> _Required action_: Within the listing that follows, reproduce exactly the lines starting at the line with "Bryce Point mit Hinweisschild" and ending at the line with "Tênis Futsal Nike", inclusive, and only those. Pictures are dropped.

> _Records shown_:
━━━━━━━━━━━━━━━━
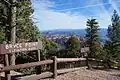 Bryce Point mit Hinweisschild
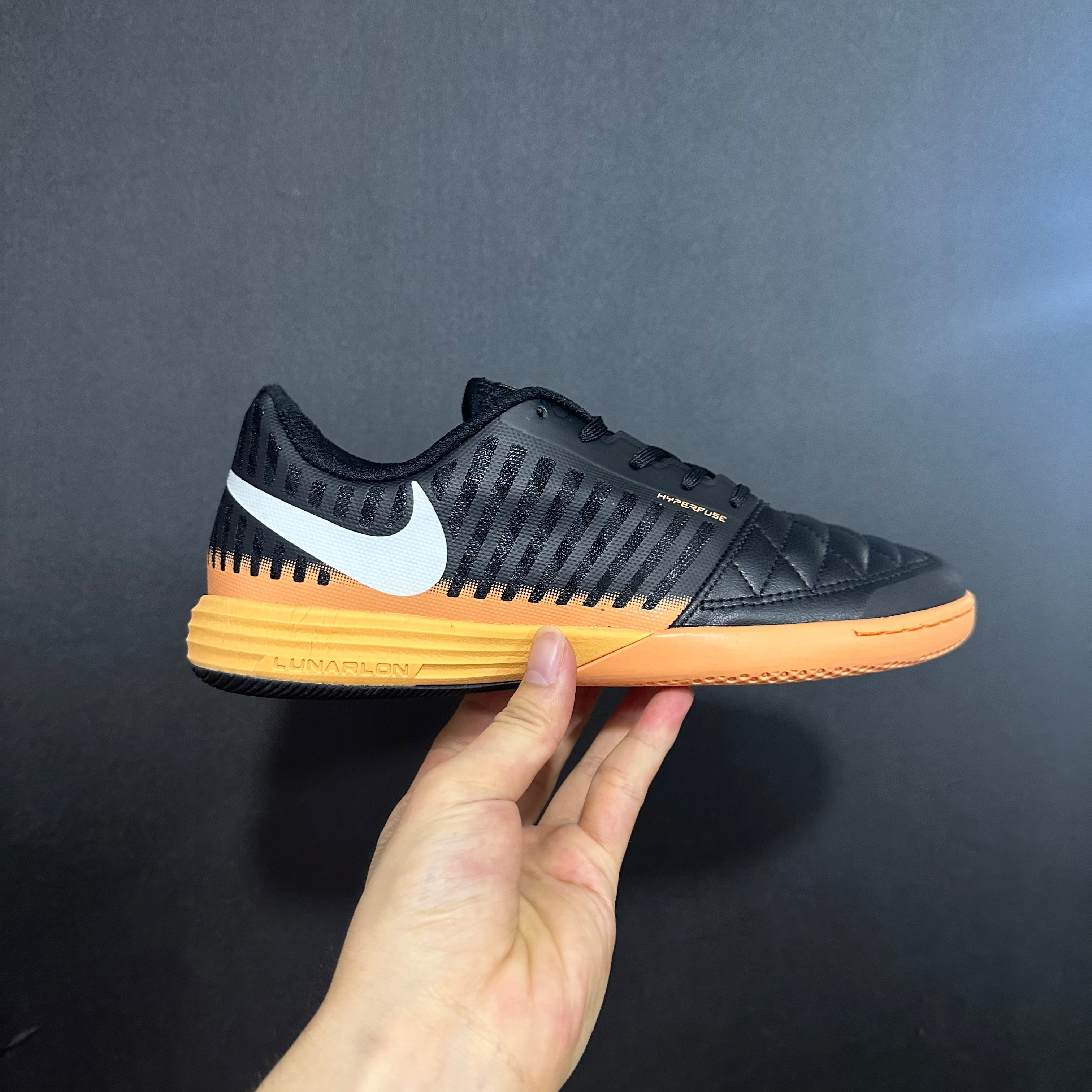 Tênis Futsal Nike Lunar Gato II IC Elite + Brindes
━━━━━━━━━━━━━━━━
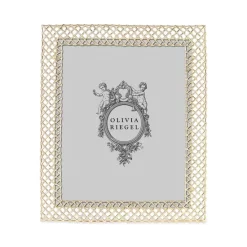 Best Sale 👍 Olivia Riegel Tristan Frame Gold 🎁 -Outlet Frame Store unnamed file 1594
━━━━━━━━━━━━━━━━
> _Task answer_:
 Bryce Point mit Hinweisschild
 Tênis Futsal Nike Lunar Gato II IC Elite + Brindes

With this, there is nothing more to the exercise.